Woods kicks off with the title track, asking for release from a relationship that is going nowhere. This is a very slick pop offering written in melancholy ballad form, but Woods maintains a wonderful energy in her voice. “Just Go” is all emotional angst; driven by her love’s desire to save her from the end they both know is coming. “Flip Flip” sounds like the title to a vacuous pop number, but nothing could be further from the truth. Here Woods establishes herself as an intelligent and subtle lyricist, with a talent for gentle but persuasive pop hooks. There is also positivity to Woods’ songwriting that is refreshing. Even when she is talking about something difficult she is working to be respectful and kind in the way she presents the material; in spite of this Woods is very clear on what she feels.
“Cut My Strings” is a melancholy ballad with a beautiful melody. Woods brings it to life with her voice, which is equal part Emily Saliers, Joni Mitchell and Sarah Solovay. “Happiest Day” is a love song that celebrates the little moments; a catchy little tune you’ll be humming to yourself for days. Kree Woods hits the heights with “Green”, finding a near-perfect pop moment. The song is about the expectation of a breakup; dreading the moment but looking forward to the release afterward. It’s an utterly human and heartfelt inner dialogue that’s without rancor. “Save Her” finds Woods taking a tragic story and lighting it from the inside with her voice. The effect is a musical bas relief that is stunning to hear.
“Blink” is beautiful in its simplicity; a friend reaching out to offer perspective during dark times. It’s a reminder to keep your eyes open for the good things else you miss them. Woods’ voice is wonderfully attuned to this moment. Much the same can be said for “Lonely In Chicago”, in spite of the distinct difference in mood. This is an artful diary entry in song, exploring the loneliness of being half a continent away from you true love. The verses are well-written, but the chorus and bridge are utterly brilliant. This is a potential movie soundtrack lead song. Woods uses her voice as an artistic representation of collapse in “Cave In”, creating a moment of beauty where backing vocals surround her voice like a halo. The song itself is stark and simple, and all the more striking for it. Woods closes by shaking free of the emotional baggage with “Fake (Shake It Up)”. This is a great little pop anthem about being true to yourself, written from the perspective of a nice girl who isn’t going to drag anyone through the mud on her way out the door. There’s no pettiness or vitriol here, just an eye on a better future.
Kree Woods is a breath of fresh air.

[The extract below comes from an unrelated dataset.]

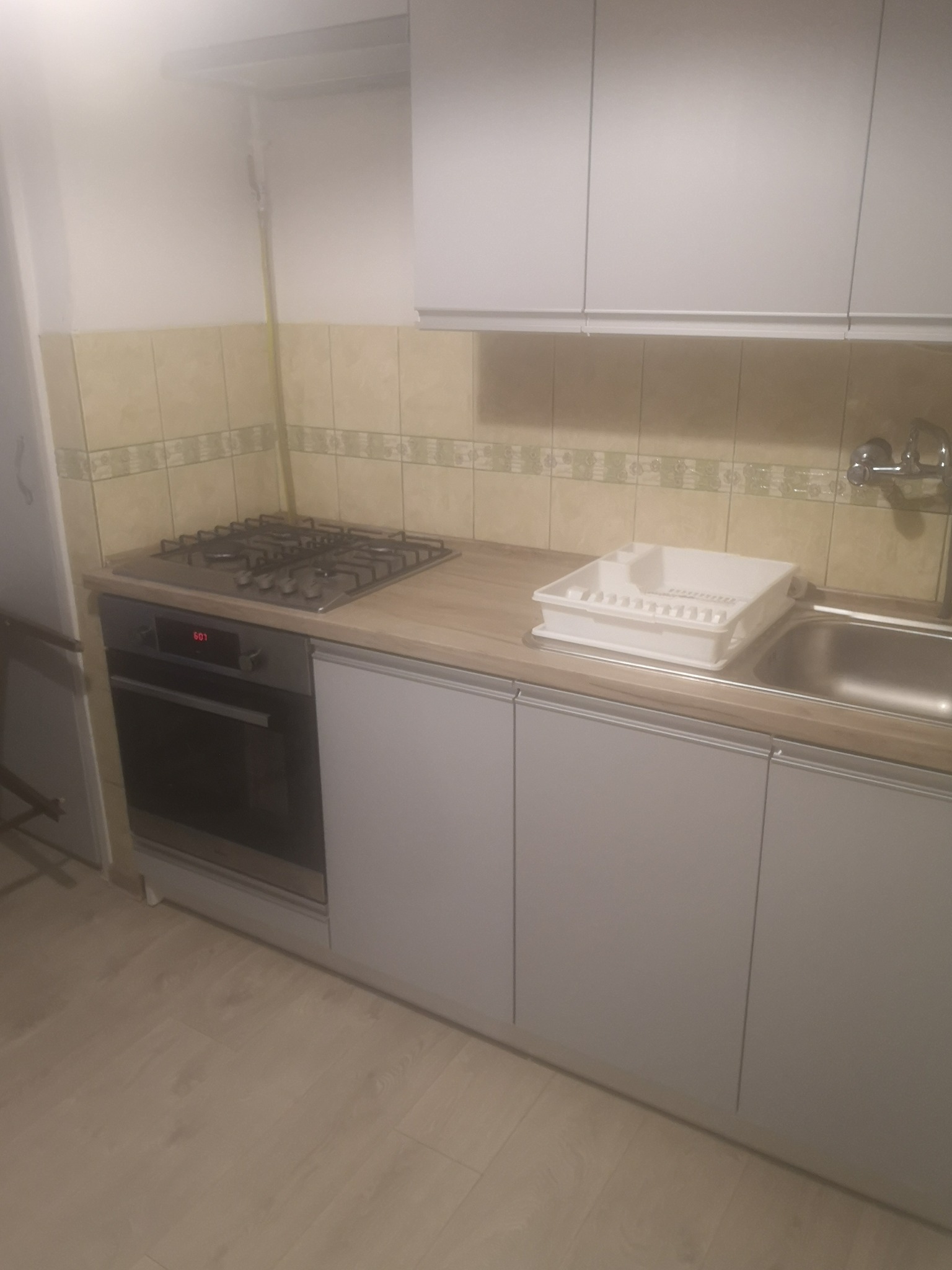 Kuchnia z białymi szafkami, beżowym blatem, płytą gazową i zlewozmywakiem ze suszarką do naczyń, widok na fragment ściany z beżowymi płytkami.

Her positive approach to songwriting shows an inherent respect for herself and others that seems like the product of an earlier generation. Woods’ melodic sensibilities were made for popular radio, and her subtle compositional style is smooth and sweet to the ear without falling into the slick clichés of the eternal balladeer. Woods spends the bulk of Talking Underwater telling true stories from her heart in unvarnished yet poetic ways. She wraps these stories in pop/rock musical blankets that are comforting and complete, but driven by a vibrant heart that strives to bring light into the world. Don’t be surprised if Talking Underwater makes a star of Kree Woods.